What to work on
Each entry must be given again exactly; images do not belong in the copy.

Data section
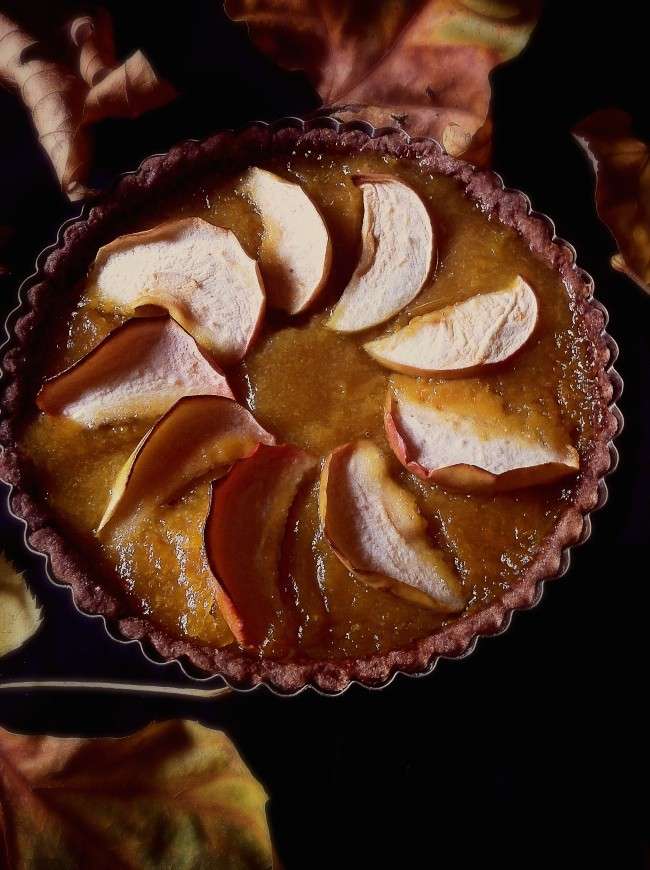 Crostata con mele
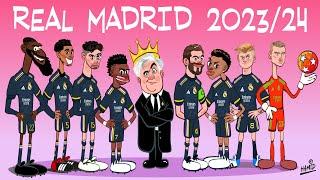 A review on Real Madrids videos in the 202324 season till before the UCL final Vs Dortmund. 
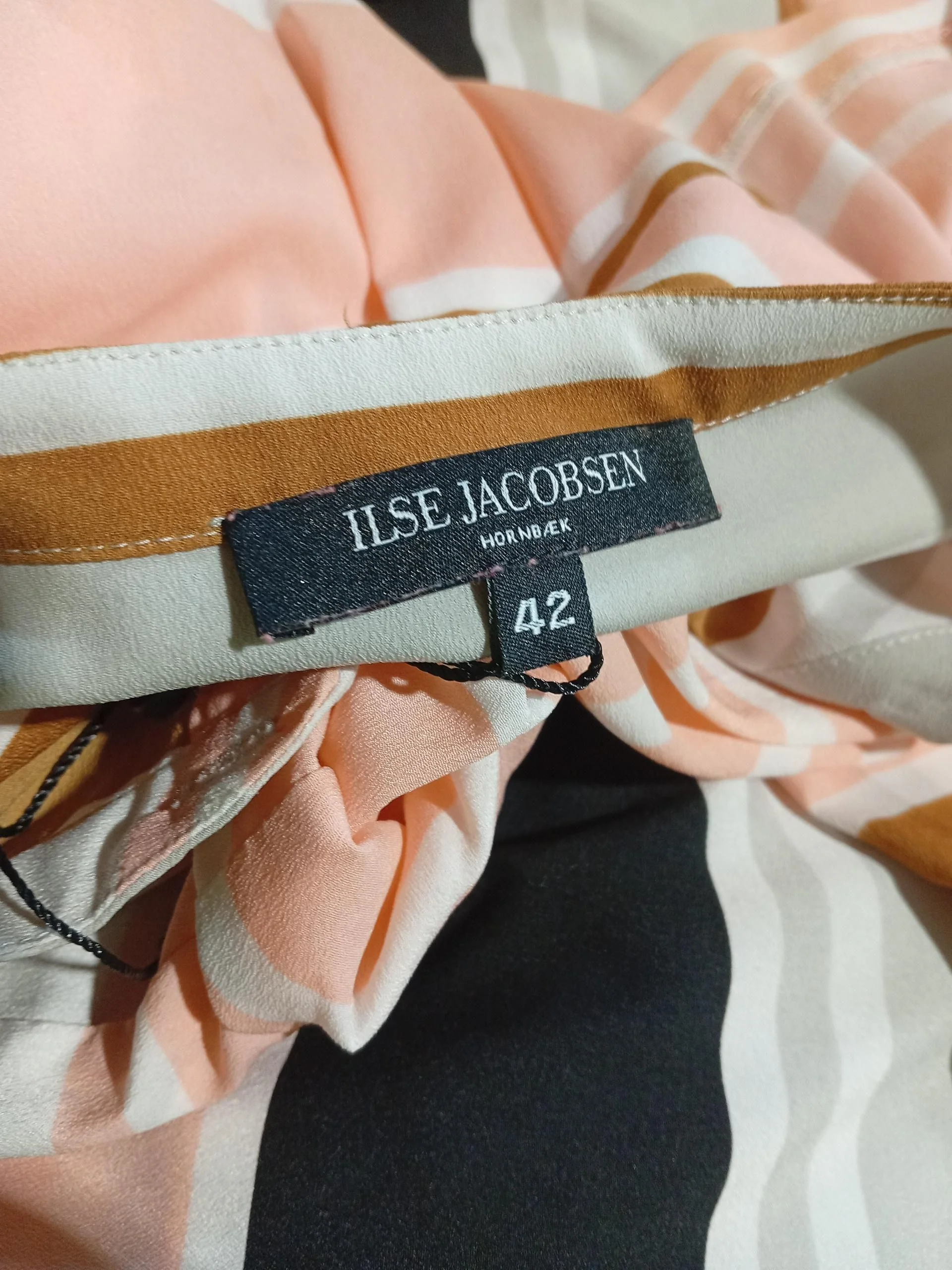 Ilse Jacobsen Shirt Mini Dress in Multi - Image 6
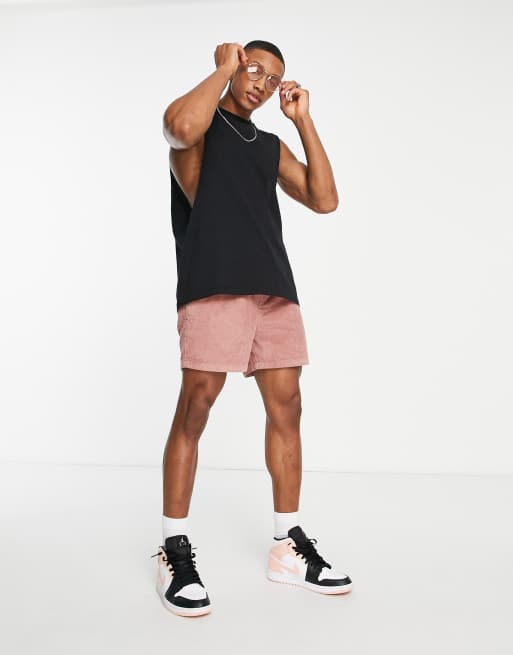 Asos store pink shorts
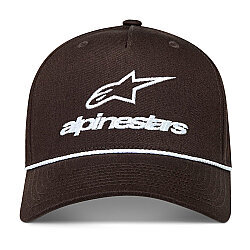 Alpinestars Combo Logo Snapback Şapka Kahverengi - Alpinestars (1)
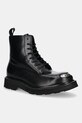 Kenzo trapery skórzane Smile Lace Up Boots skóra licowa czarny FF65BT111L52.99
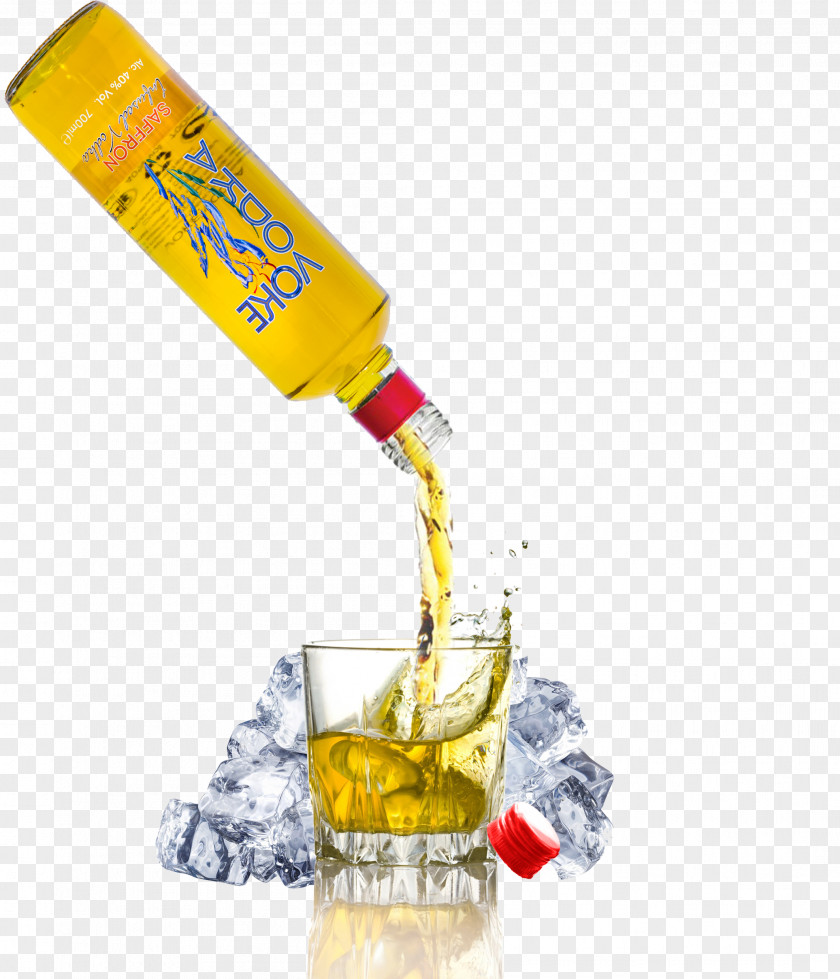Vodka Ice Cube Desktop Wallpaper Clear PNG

Output of the task
 Crostata con mele
 A review on Real Madrids videos in the 202324 season till before the UCL final Vs Dortmund. 
 Ilse Jacobsen Shirt Mini Dress in Multi - Image 6
 Asos store pink shorts
 Alpinestars Combo Logo Snapback Şapka Kahverengi - Alpinestars (1)
 Kenzo trapery skórzane Smile Lace Up Boots skóra licowa czarny FF65BT111L52.99
Vodka Ice Cube Desktop Wallpaper Clear PNG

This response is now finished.